Cycling to work has made me an avid follower of the late night news weather forecast. I had decided during the day to get up earlier the next morning to take a detour round Grafham on my commute. When the sun crests the horizon on a bright September morning is surely one of the best times to ride a bike. But the forecast was for fog. I gambled and set my alarm anyway.
The gamble paid off and I woke to a clear dawn, so I got up.
Around the reservoir the car parks were deserted and, save for running rabbits, the tracks were mine alone. A buzzard flew alongside as I rode up one of the small hills, finches and tits flitted in and out of the hedgerows. In the nature reserve I saw a poised heron waiting for breakfast to swim by. Two green woodpeckers flew across a meadow, barking their alarm call. You don’t see and hear that in a car.
As I rode on to the dam, Keatsian mists were forming in the hollows. I spooked a flock gulls into the air, waking from their night time roost. Ahead, the imposing wind turbines near Great Paxton appeared to float over the mists, like great machines of an alien race, uncaring of gravity. Certainly a more magnificent sight than Barford power station’s stubby twin chimneys bleeding a brown smudge into the air.

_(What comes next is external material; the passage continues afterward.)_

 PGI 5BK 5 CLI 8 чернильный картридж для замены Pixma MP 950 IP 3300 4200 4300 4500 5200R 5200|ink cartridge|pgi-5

Riding across the fields the mist layered into strata, back lit by the sun to a warm ochre glow. Riding into a dip in the land, the look of warmth was proved an illusion; the moisture chilled my exposed legs and arms. Back onto the higher ground, I could see a row of poplar trees poking through a bank of mist. They give an impression of a giant crenellated wall, but a weak defence against the warming sun.